In real life, the walled garden was equally transformative, but as a result of prodigious hard work by many skilled people. Without the benefits of air or even land transport skilled gardeners could do what Tescos now achieve on a global scale. They could supply fresh fruits, vegetables and often flowers every day of the year. Not merely fruits and vegetables in season, although that was clever enough, but also out of season - apricots, grapes, nectarines and sometimes pineappples could adorn the tables of the rich, even during the winter months.
It took many years of learning through hard and often monotonous work to master the skills required of a gardener in a walled kitchen garden, and to be able to control this small acreage, this miniature empire with its multiple micro-climates.

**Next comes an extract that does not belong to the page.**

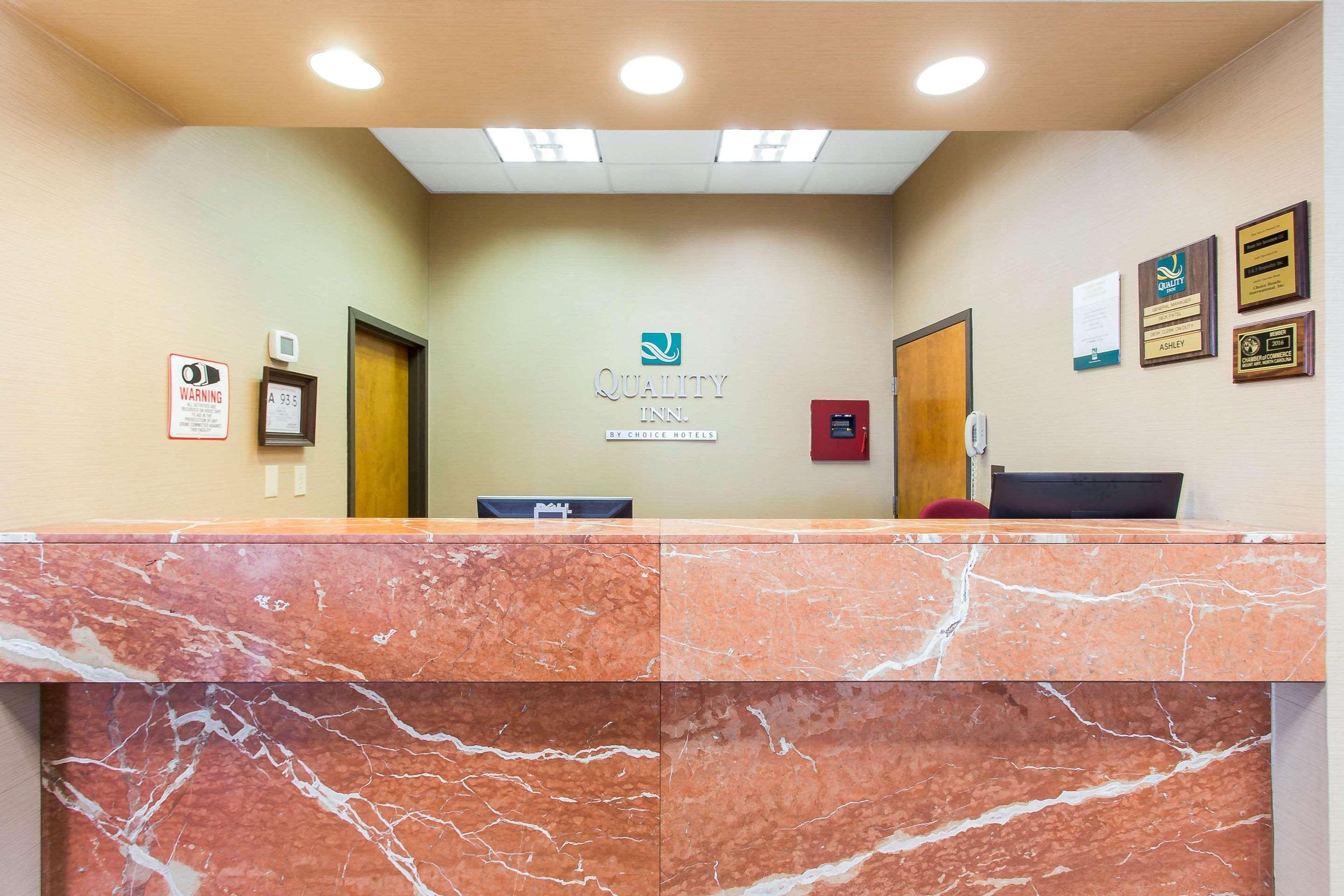 Quality Inn Mount Airy Mayberry Екстер'єр фото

Each wall had a different temperature and could be used differently. The glasshouses, cold-frames and cloches all extended the temperature range by a few vital degrees, so that fruits and vegetables could be delayed or accelerated in their ripening and maturity.
It was a world apart, an independent place with its own staff, its own traditions and rules.
Sadly, it is a largely lost world today.
There are still walled gardens, and there is an interest in their revival.
A wealth of information may be found here: ' The Walled Kitchen Garden Network' and here you can contact enthusiasts, wanting to find and record lost gardens, and to advise in their restoration and protection. They are also keen to establish new walled gardens, as is a friend of mine.
Together we hope to fire others into a sufficient pitch of enthusiasm to begin a new project.
Oh yes! The sap is rising, but the earth in the walled garden does not move. It is cherished and fed and enriched, and one man's (and woman's) small acre becomes a great estate.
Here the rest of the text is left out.